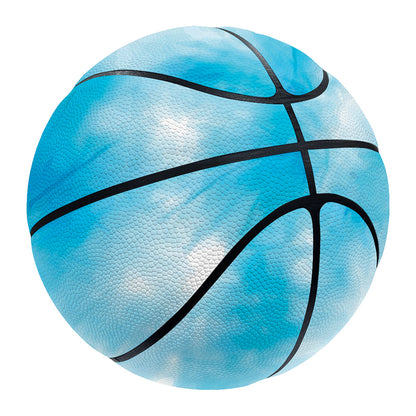 Blue Shibori Tie Dye Print Basketball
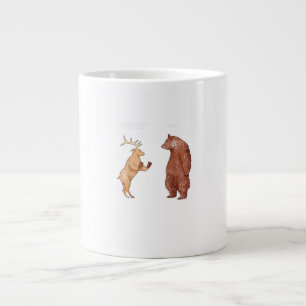 Grande Tasse Cadeaux drôles de dictons ours mains oh cerf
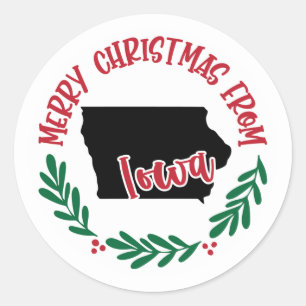Holiday Sticker from Iowa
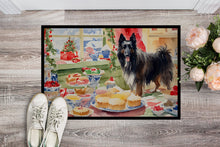 Load image into Gallery viewer, Belgian Sheepdog Christmas Cookies Doormat-24x36 Indoor / Outdoor Rug | Made in USA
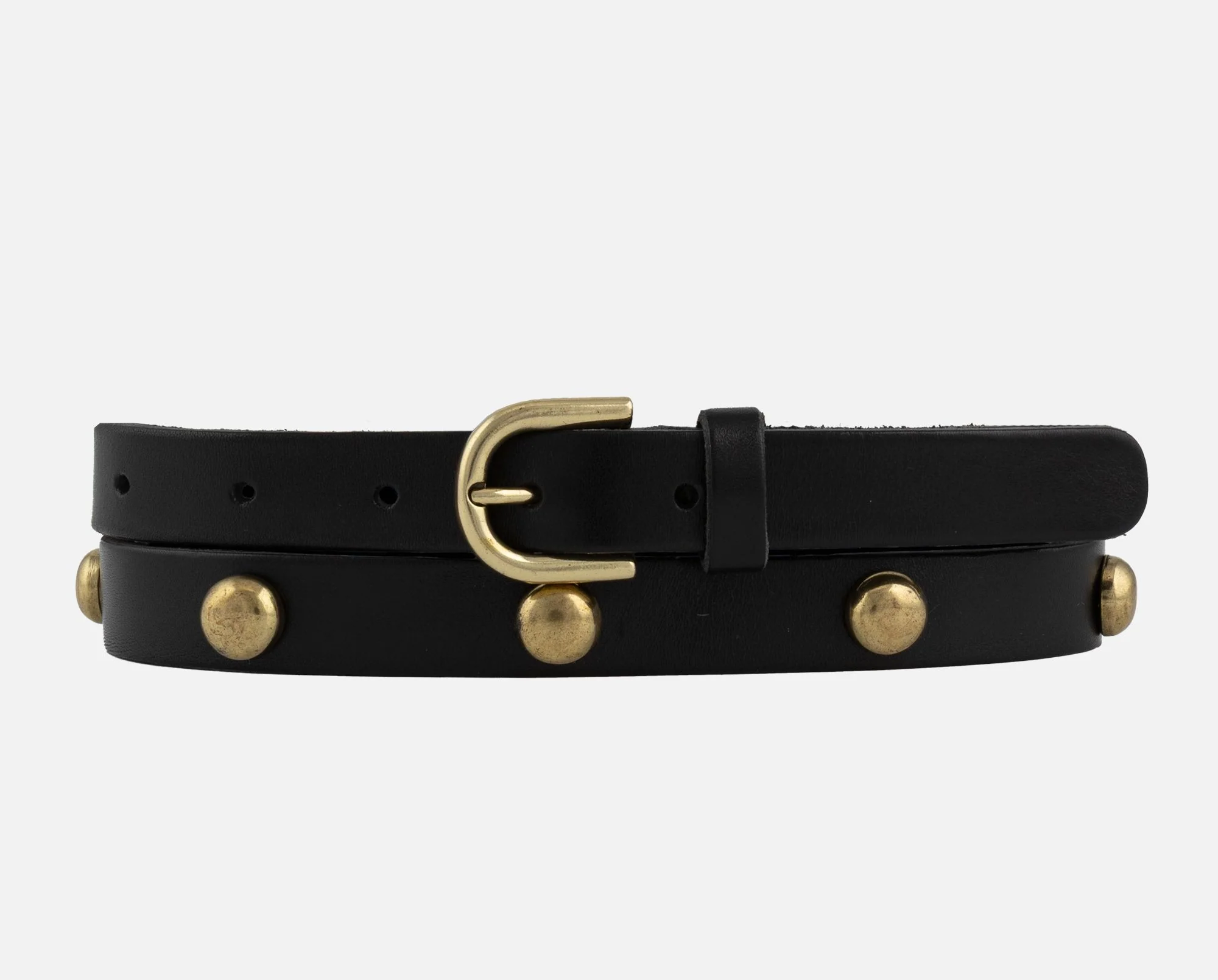 Antal Studded Leather Belt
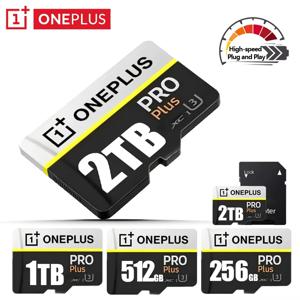 원플러스 2TB 고속 V30 A2 4K SD 카드 512GB 256GB 메모리 카드 1TB 마이크로 TF SD 어댑터 스마트폰/태블릿/PC 겸용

--------------------------------------------------

Repeat word for word, leaving out the pictures, each line of the records from the line that holds "Antal Studded Leather Belt" through the final one.

 Antal Studded Leather Belt
 원플러스 2TB 고속 V30 A2 4K SD 카드 512GB 256GB 메모리 카드 1TB 마이크로 TF SD 어댑터 스마트폰/태블릿/PC 겸용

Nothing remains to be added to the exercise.